Mortgage processor under fire after putting borrowers’ data at risk

A former employee claims the processor she worked for fired her because it feared she would tell one of its clients, JPMorgan, that employees share passwords that put borrower’s information at risk.

An Ohio appeals court has granted a former employee of Lender Processing Services Inc. (LPS) another chance at challenging her firing.

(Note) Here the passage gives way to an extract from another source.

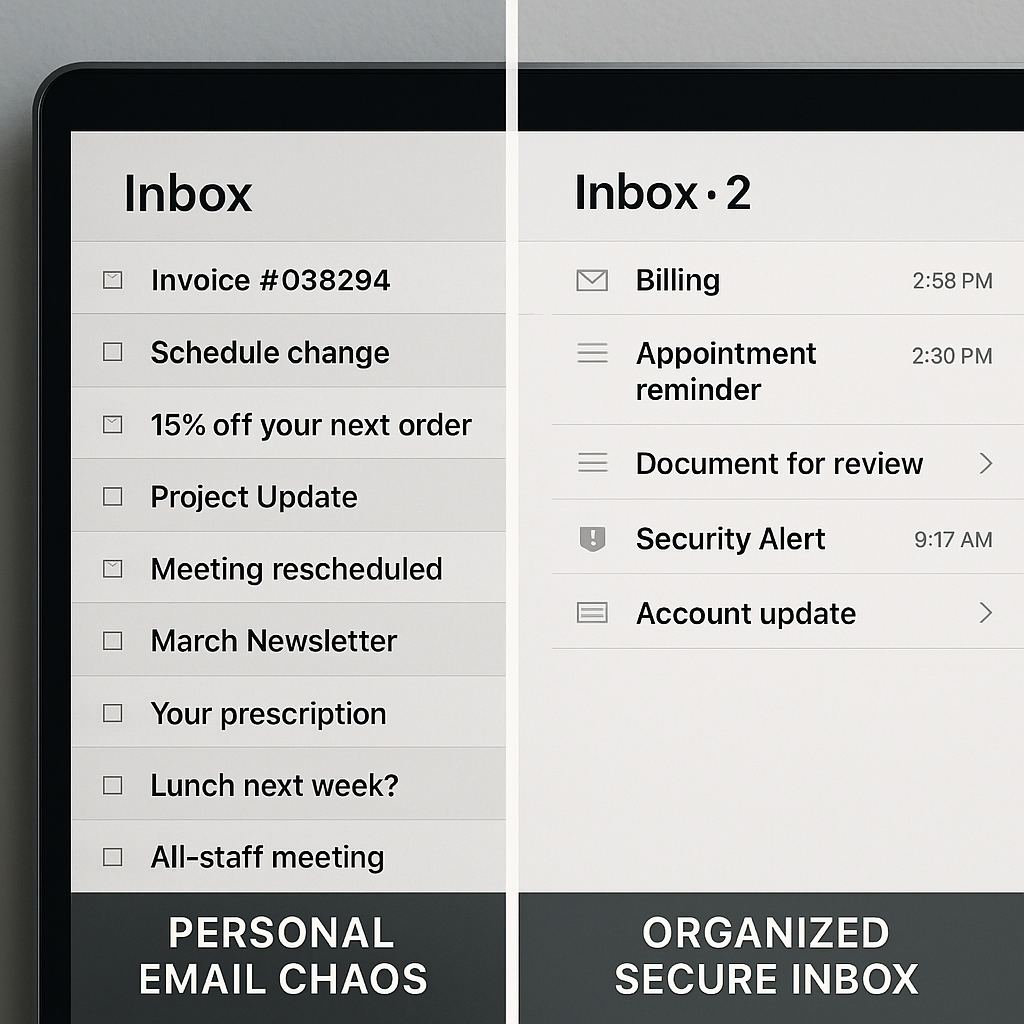 A subtle split-image showing personal email chaos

Carrie Rebello claims that LPS dismissed her because it feared she would tell one of its clients, JPMorgan, employees share passwords that allow coworkers to access confidential information about JPMorgan borrowers who faced foreclosures.

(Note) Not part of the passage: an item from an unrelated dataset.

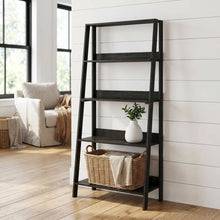 Espresso 5-Tier Ladder Bookcase with Display Shelves and Wood Construction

According to Cleveland.com, Rebello discovered the password sharing in 2010 and expressed concern shortly after LPS hired her to oversee a department that handled troubled JPMorgan mortgages and in 2012, she forbade her employees to share passwords and threatened to tell JPMorgan. Rebello said LPS fired her after that

However, LPS has a different story. The mortgage processor said Rebello swore within earshot of coworkers during personal phone calls and was tardy to work.

LPS and JPMorgan both have polices that prohibit employees from sharing their JPMorgan-assigned passwords. JPMorgan kept private data about troubled borrowers in a system that vendors' employees could access only if they had both a JPMorgan-issued token and an individually assigned password. Employees had to undergo background checks by both companies to receive a password, according to the media outlet.

In 2014, Rebello pleaded her case in Cuyahoga County Common Pleas Court. The judge ruled in favor of LPS, citing that no protections exist for employees who object to Gramm-Leach-Bliley Act violations. The Act requires financial companies and vendors to protect the security and confidentiality of private customer data.